Despite the legal restrictions on ibogaine in the U.S. and internationally, several clinical outcome studies have been conducted. For example, in a 1999 case series, 33 individuals were treated for opioid detoxification in the U.S. and the Netherlands (Alper, Lotsof, Frenken, Luciano, & Bastiaans, 1999). Relief of withdrawal symptoms was rapid – within 1–3 hrs of administration. Full resolution of opioid withdrawal symptoms was achieved within 34 hrs. Participants did not exhibit drug-seeking behavior within 24 hrs, which was sustained for 72 hrs following treatment in 75% of patients. In another study, Mash et al. (2001) conducted an open-label prospective evaluation of ibogaine in St. Kitts, West Indies with 32 patients diagnosed with a severe opioid use disorder (OUD). Physician ratings indicated the resolution of withdrawal signs and symptoms at 2, 24, and 36 hrs following ibogaine administration. Selfreports of withdrawal symptoms were also significantly reduced from pre-ibogaine ratings. These results suggested ibogaine was an effective treatment for opiate withdrawal. Furthermore, scores of depression and opioid cravings remained reduced 1 month following treatment.

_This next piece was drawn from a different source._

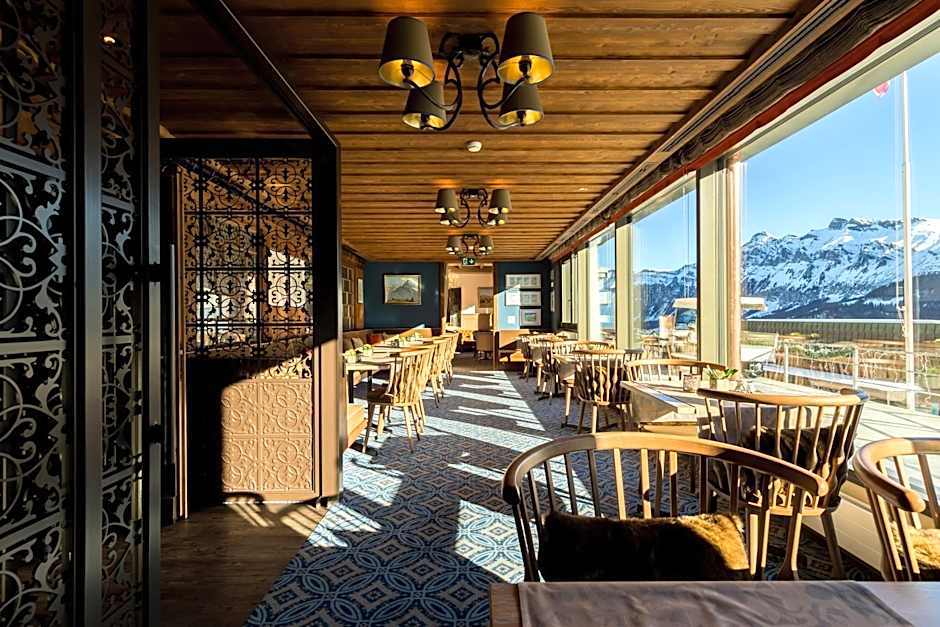 Eiger Murren Swiss Quality Hotel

Yet another study (Bastiaans, 2004) evaluated the longterm effects of ibogaine treatment on drug use and on the long-term medical, psychological, social, and legal outcomes among a sample comprised primarily of opioid users (87%) using a web-based survey. After long-term follow-up in this group, 24% (5 out of 21) quit using all substances with an average drug-free period of 24 months following treatment. An additional 33% of the sample continued to use their primary substance but decreased the amount used. Secondary analyses indicated approximately 60% of subjects reported an improvement in their medical condition, 88% reported improvement in relationships with significant others, 92% reported improvement in anxiety, and 100% reported improvement in depression.

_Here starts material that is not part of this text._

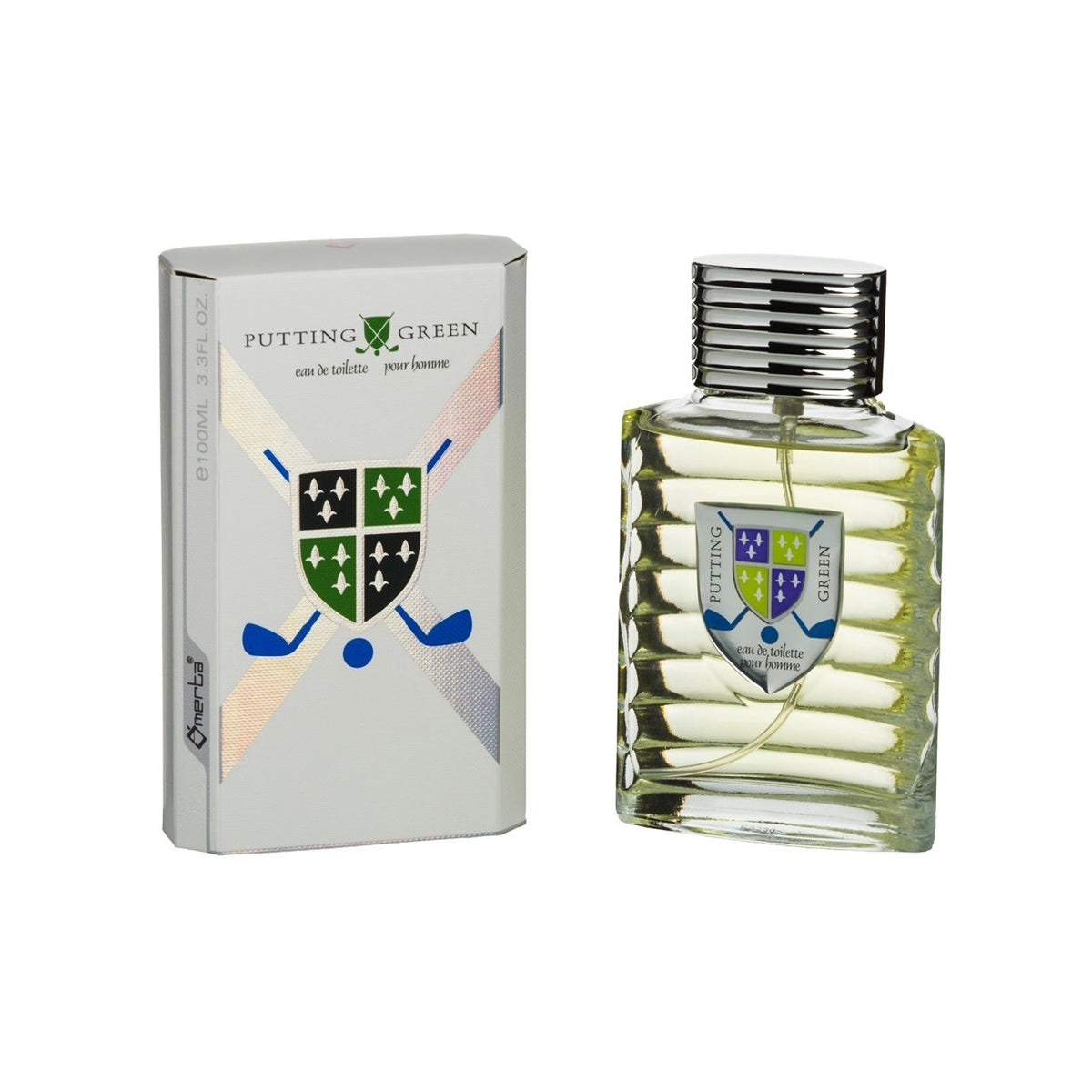 Putting Green Fragancia Hombre 100 ml - Omerta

Although these observational and outcome studies on ibogaine suggest that it is an effective compound for treating OUDs because it rapidly mitigates withdrawal symptoms and cravings (Alper et al., 1999; Bastiaans, 2004; Mash et al., 2001), the small sample sizes of these studies combined with the limited long-term evidence for effectiveness restrict our understanding of the benefits of this medicine. Therefore, the current observational study aimed to address this key question by evaluating whether ibogaine treatment was associated with short- and long-term opioid usereduction and abstinence (up to 3 years posttreatment), and current psychological functioning among a larger sample of patients who received treatment for problematic opioid use from 2012 to 2015 at a treatment facility in Mexico.